My Citrus Story - Mohamad Trad
As if they are now, and later they shall be
Perhaps the most amazing thing about life is that it is so unpredictable. I suppose that’s one of the reasons why I like mathematics – it has the advantage of being predictable. After all, growing up in Lebanon, a country torn by unending civil and religious unrest, I could see that the odds of becoming victimized by one group or another were ever escalating. So I immigrated to the United States with the hope of finding a safe and secure place to go to college and build a future. It was not easy. I had to work at a series of odd jobs to earn enough money to attend Citrus College–everything from working as an usher in a movie theatre to running a cash register at a truck stop in Fontana.

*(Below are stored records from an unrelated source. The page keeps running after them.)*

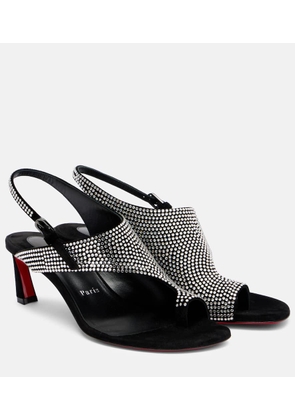 Christian Louboutin Viva Condora 55 suede sandals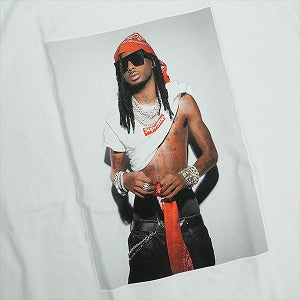 SUPREME シュプリーム 25FW Playboi Carti Tee White Tシャツ 白 Size 【L】 【中古品-非常に良い】 20825405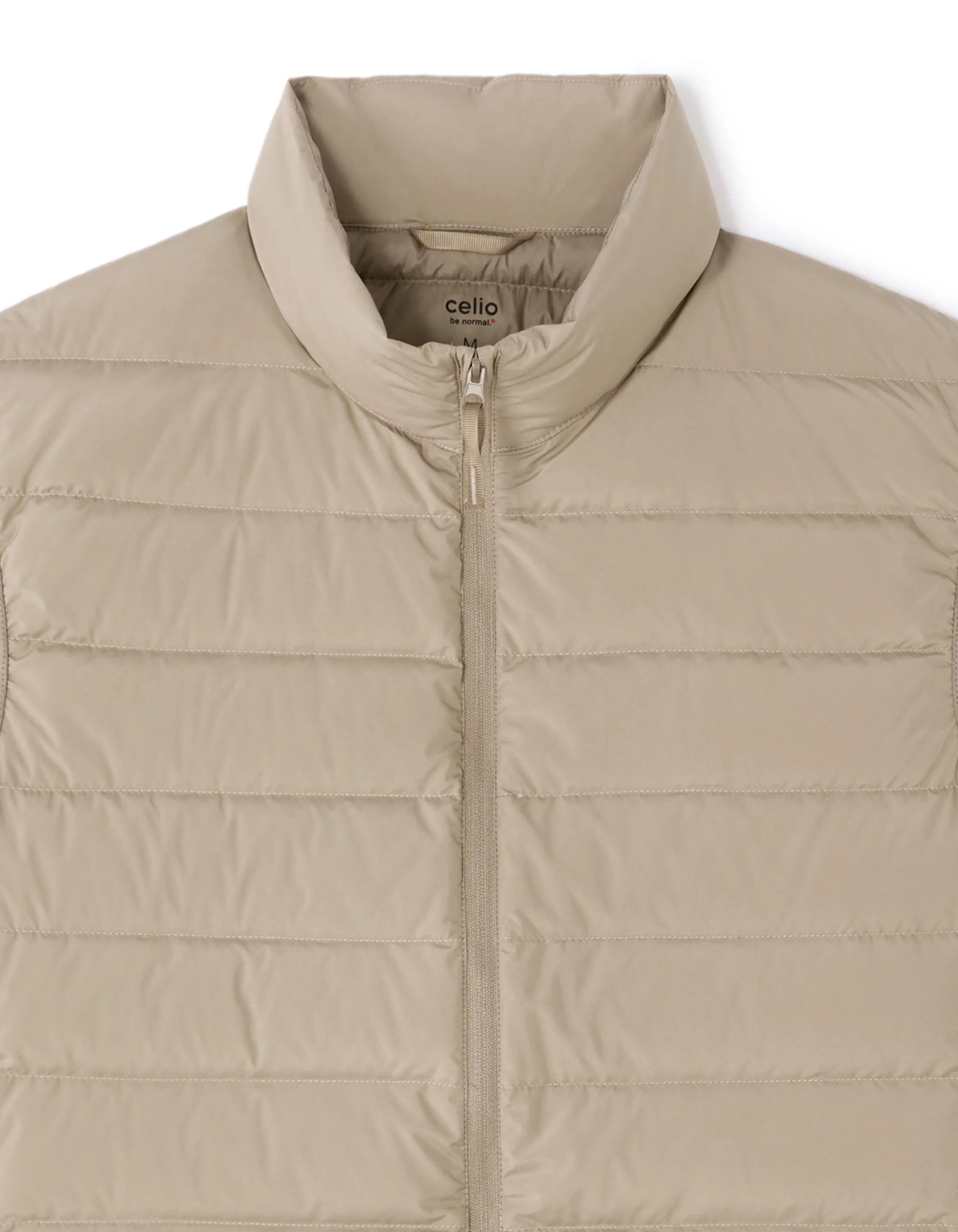Celio_Beige_Lightweight Sleeveless Down Jacket_MULIGHTSL_BEIGE_06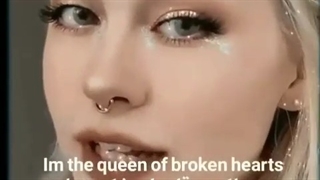 ملکه قلب های شکسته!!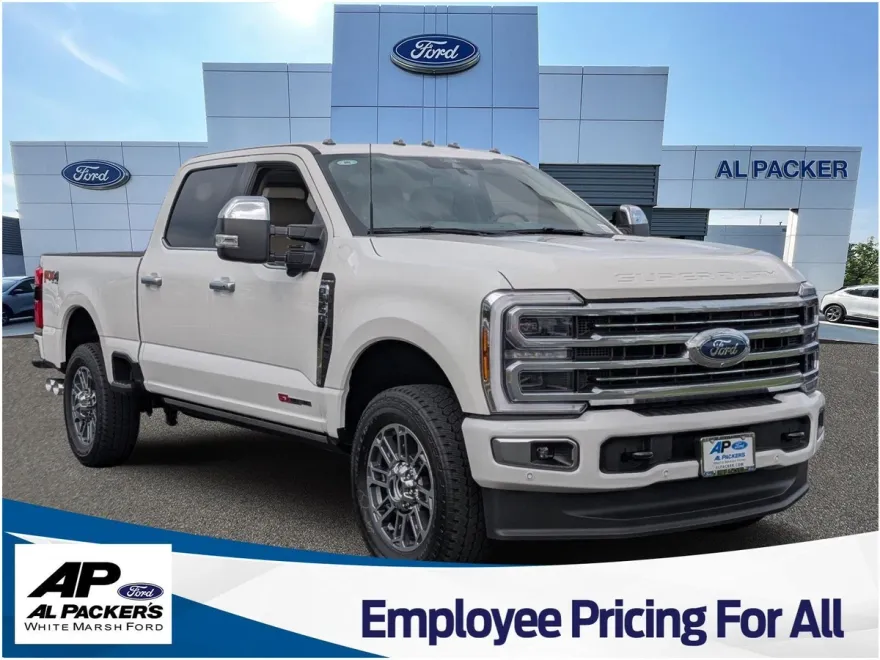 2025 Ford F-350 Platinum photo 1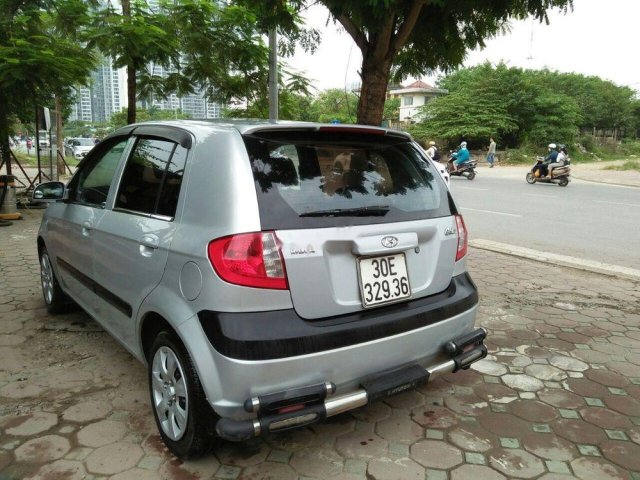 Cần bán gấp Hyundai Getz sản xuất năm 2009, màu bạc, nhập khẩu nguyên chiếc 0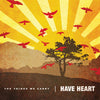 B9R75 Have Heart "The Things We Carry" LP/CD Album Artwork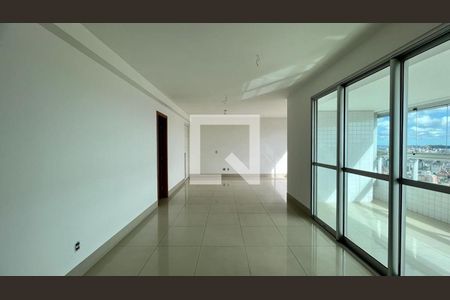 sala 1 de apartamento à venda com 4 quartos, 164m² em Grajaú, Belo Horizonte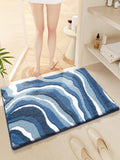 Experience unparalleled comfort and safety with our Ultra-Plush Geometric Anti-Slip Bath Mat. Made with soft, highly absorbent material, it provides a luxurious feel while preventing slips and falls. Perfect for all seasons, it is also machine washable for easy maintenance. Elevate your bathing experience today!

The first class that I took at Citrus was English 040 in the Basic Skills Program. Unfortunately, I didn’t manage to earn a passing grade. I was disappointed, but by that time in my life I understood that grades were only a form of feedback, not a judgment on my intelligence or potential. So, I rolled up my proverbial sleeves and tried again. That first failing grade actually helped me put things in perspective. I took advantage of services such as tutoring and counseling, went to study groups, and met with teachers during office hours. The result was that I never failed another course. In fact, I became so proficient in math that I started tutoring other students. Two of my mathematics professors, Alan Tussy and Ralph Tippins, inspired me to become a teacher.
I finished my A.A. and A.S. degrees at Citrus and transferred to Cal State University, San Bernardino, where I ended up earning my bachelor’s and master’s degrees in math with a grade point average of 3.96. The improbable journey from Lebanon to Azusa to San Bernardino ended back here in Glendora at Citrus College where
I became a mathematics professor almost nine years ago. Professors Tussy and Tippins are now my peers. At Citrus, I’ve tried to be the type of professor who makes a difference in his students’ lives and careers. Though it may not seem possible at the moment, hard work and perseverance (with a little help from others) eventually pay off. I am living proof of that.
I thank all the professors and staff members who helped me while I was at Citrus College to become the man I am today. You not only changed my life for the better, you’re still helping others through me to become better men and women.